“A Moça Tecelã” e “A Tapeçaria de Aracne”: tecendo diálogos entre o mito grego e o conto de Marina Colasanti

Uma ideia toda azul. Este foi o primeiro livro de Marina Colasanti que li, na infância. Recordo-me da estrutura do livro (contos), das ilustrações (em preto e branco) e dos personagens que enchiam as páginas (princesas e unicórnios). Descobri posteriormente que essa escritora tinha profundo apreço pela Idade Média e por outros momentos históricos longínquos. Esses tempos, inclusive, aparecem em Doze Reis e a Moça no Labirinto do Vento, obra que abriga originalmente o seu (a meu ver) melhor conto – A Moça Tecelã.
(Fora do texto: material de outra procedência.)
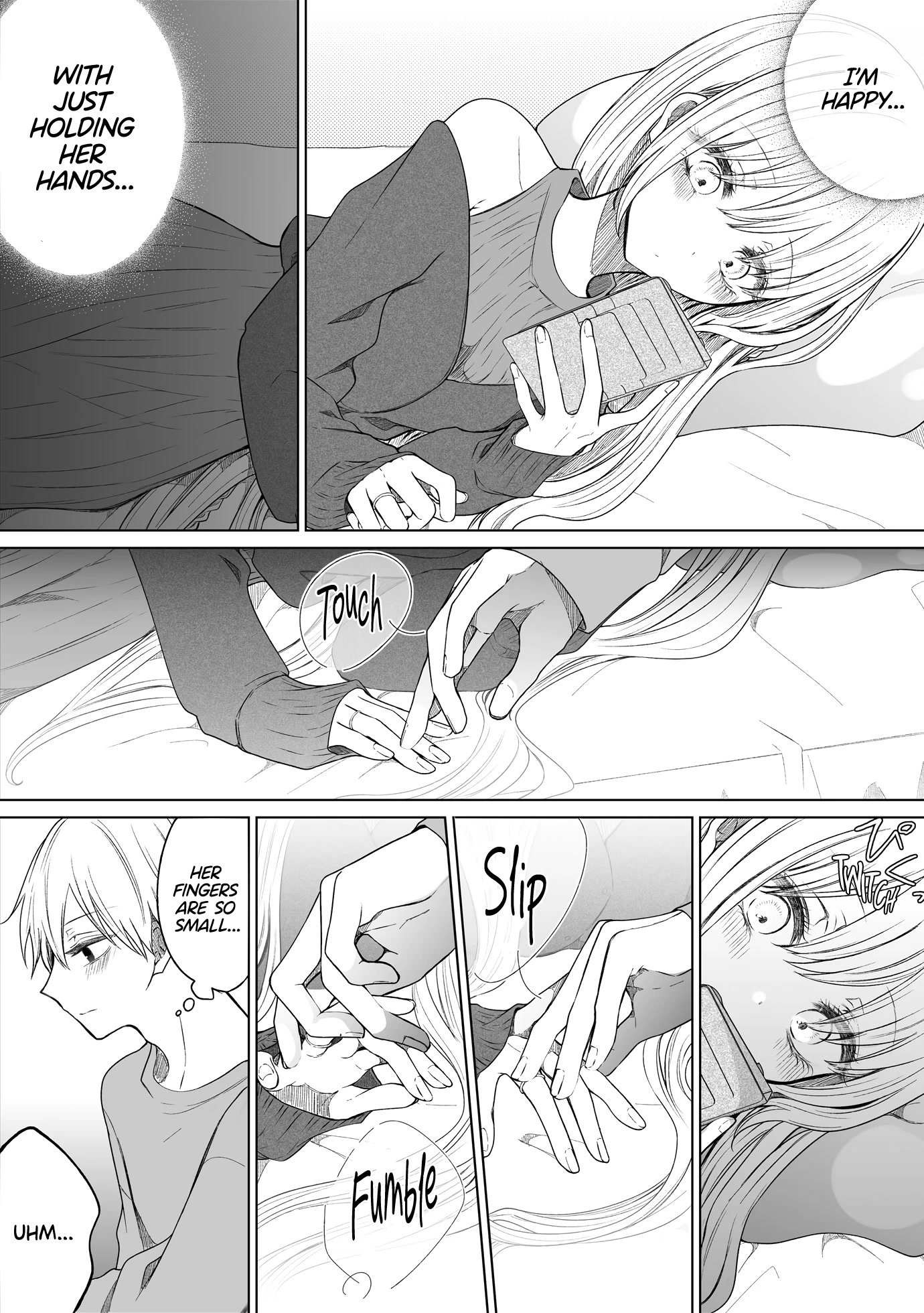 Page 3 of Chapter 134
Aracne, de Veronés. A personagem se tornou
uma eterna praticante da arte de tecer - uma aranha.
Narrativa curta, a história de A Moça Tecelã nos conduz a uma reflexão profunda sobre a própria arte de escrever (a palavra texto vem do latim e significa tecer), sobre a vida e sobre nossas ações sobre o mundo. Seguindo uma estrutura cíclica, o conto começa e termina em momentos iguais - o amanhecer. O tear funciona como uma tela mágica, na qual a jovem vai reproduzindo imagens e sonhos que se materializam simultaneamente. Pelo ato de tecer (metáfora da arte), a personagem consegue autonomia e pode controlar sua própria vida.

Menos otimista – mas igualmente encantador – é o antiquíssimo mito grego A Tapeçaria de Aracne. Narrada por Ovídio, no seu livro As Metamorfoses, a história segue um mote bastante corriqueiro nas lendas da Grécia Antiga – uma mortal que desafia os deuses e é transformada em outro ser. Nesse relato mitológico, a divindade ofendida da vez é Palas, representante máxima da sabedoria. Ao ser confrontada por Aracne, uma jovem hábil nos fios e nas tramas, a deusa castiga a jovem – transforma-a numa aranha (é do nome da personagem que vem a raiz etimológica do termo aracnídeos).

A Roda da Fortuna no Tarô Mitológico
é ilustrada com as Moiras, as tecelãs
dos fios que regem a vida humana.
Essas duas narrativas (curtas e com poucas personagens) guardam relações dialógicas. O ponto de virada de ambos os textos ocorre num momento de chegada daqueles que se tornariam opositores das protagonistas – a deusa Palas disfarçada e o marido da jovem tecelã. Vaidosa como toda imortal, Palas não aceita ser desafiada por uma humana e não quer reconhecer que o trabalho da jovem é magnífico. Do mesmo modo, o esposo criado pela própria tecelã também se envaidece e passa a alimentar a ganância – ele sempre quer mais e mais.

Ambas as protagonistas também são profundamente habilidosas na arte de tecer – e seus teares sempre contam histórias e sempre moldam os fenômenos naturais. Enquanto tece, Aracne tem a natureza (personificada pelas ninfas do bosques e dos rios que acompanhavam o seu trabalho) se dobrando diante de seus fios graciosos; enquanto tece, a moça tecelã também faz a natureza se prostrar sobre o tear. Aliás, noite e dia, chuva e sol, luz e escuridão – tudo só existe pelos emaranhados encantados da suas mãos.

De certa forma, as duas também foram condenadas a viver tecendo eternamente – no conto de Marina Colasanti, a moça tece para que o universo funcione perfeitamente, para que haja ciclos e estações. No mito grego, Aracne tece eternamente seus fios incomparáveis para que sua espécie sobreviva – uma alusão à catarse, pois aranhas, pelas prescrições da deusa, nunca deveriam tocar o chão.

De fato, os textos (tecidos) literários nos mantêm suspensos, sonhadores e eternamente devotados a essa arte. Afinal, parafraseando Marina Colasanti, tecer (escrever) é tudo que fazemos. Tecer é tudo o que queremos fazer. Sigamos encantados pelos fios mágicos da ficção.